Bowstreet Software Inc. on Monday introduced its Factory 5.1 framework designed to allow enterprises to leverage Web services in building customized portals.
Factory 5.1 combines Bowstreet's Portal Automator product into the Factory 5.0 development environment, bringing Web services and automation technology to enterprise portal development, officials at Portsmouth, N.H.-based company said.
"We are seeing an impending collision between Web services and portals," said John Caron, director of marketing at Bowstreet. Moreover, combining portal and application development products made sense because "more than 90 percent of our customers already use our [Factory] product to build some kind of portal," he said.
In addition, Web services can be used to create highly customized Web applications that are more adaptive to changes in business process, according to Ruth Seltzer, director of engineering at Bowstreet. For example, using Factory 5.1 enterprises can create customized portal applications, or portlets, with different behaviors that adapt and vary based on a specific process or situation, Seltzer said.
"Companies want to take in-house business process and expose it through a portal. They need to be able to build customized portlets that behave differently and integrate with different services, databases, and back-end systems," she said.
The customized portlets can then be used with Bowstreet's portal or other portal products such as Sun ONE (Open Net Environment) Portal Server or IBM WebSphere Portal.
Furthermore, with the repackaging move Bowstreet is trying to stay competitive with application server offerings from vendors such as IBM and Sun, who are "including everything along with the kitchen sink with the application server and really driving down the prices," according to Caron.
Bowstreet's Factory 5.1 is available with an Enterprise license, a developer license, or a new 60-day free evaluation license, officials said.
In addition, Factory 5.1 aims to speed portal development by boosting developer productivity, company officials said. Portal Automator wizards can speed development by allowing developers to model and build customized portlets without the need for hand coding. Furthermore, profile-based components called Builders can be reused across applications, reducing costs and errors, officials said.
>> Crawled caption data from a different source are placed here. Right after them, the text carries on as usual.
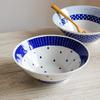 Набор керамических чашек и пиал Ru Han Japanese Ceramic Douli Bowl & Choko Cup Set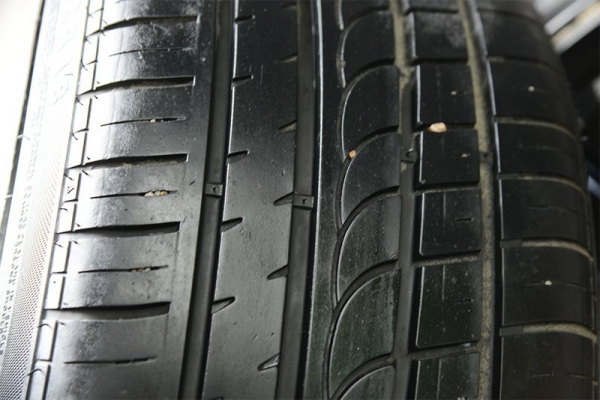 ล้อ Wedsport 18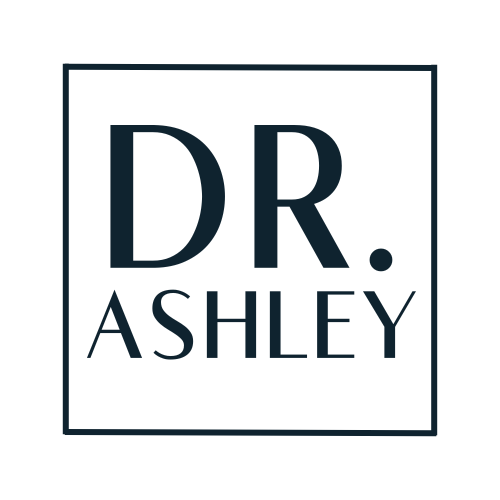 The Way I See It by Dr. Ashley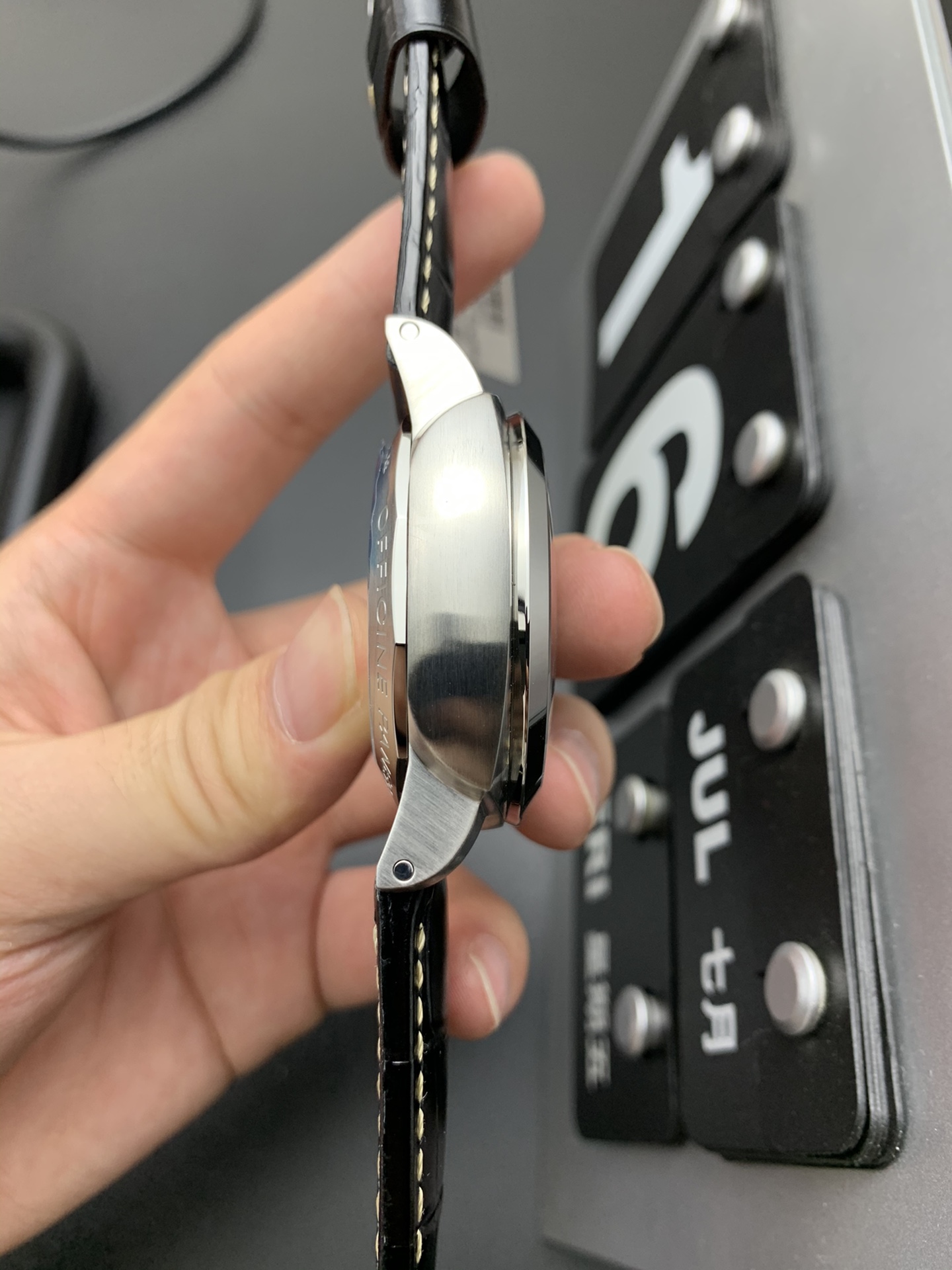 Panerai 沛纳海312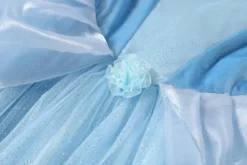 DEGUISEMENT BAL DU SOIR TAILLE3-4 ANS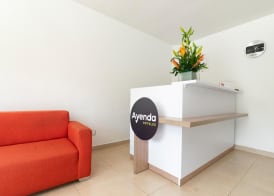 Ayenda Casa Megua 2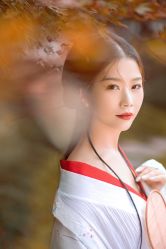 -盘子女人坊古装写真摄影(南京总店)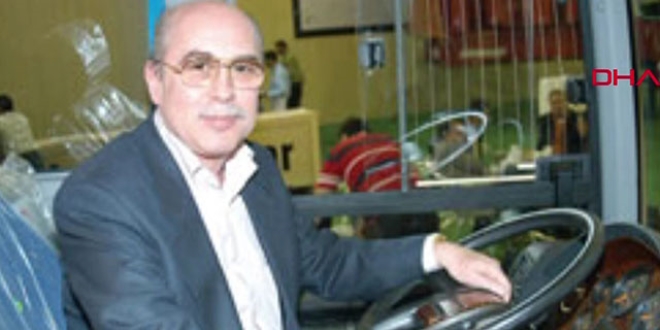 Türkiye'nin lisanslı ilk helikopter pilotu hayatını kaybetti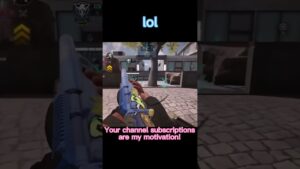 【CoDmobile】草#cod #codモバイル #callofduty #short #shorts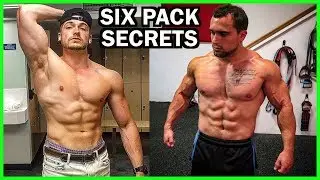 Training for Six Pack Abs | Bulk vs Shred Life Ep. 5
"Now instead of taking five weeks to builds custom portals you can build an entire portal using our product in days," Caron said.
As the intersection of Web services and portals picks up steam, the ability to add context to portals is vital to spur adoption and provide insight into business information, company officials said.
In order to get more value out of portal infrastructure investments, enterprises "need to put that information in context, put it in a way that you can customize it based on the user and other contextual information so that it has an incredible amount of relevance to that end-user," Caron said.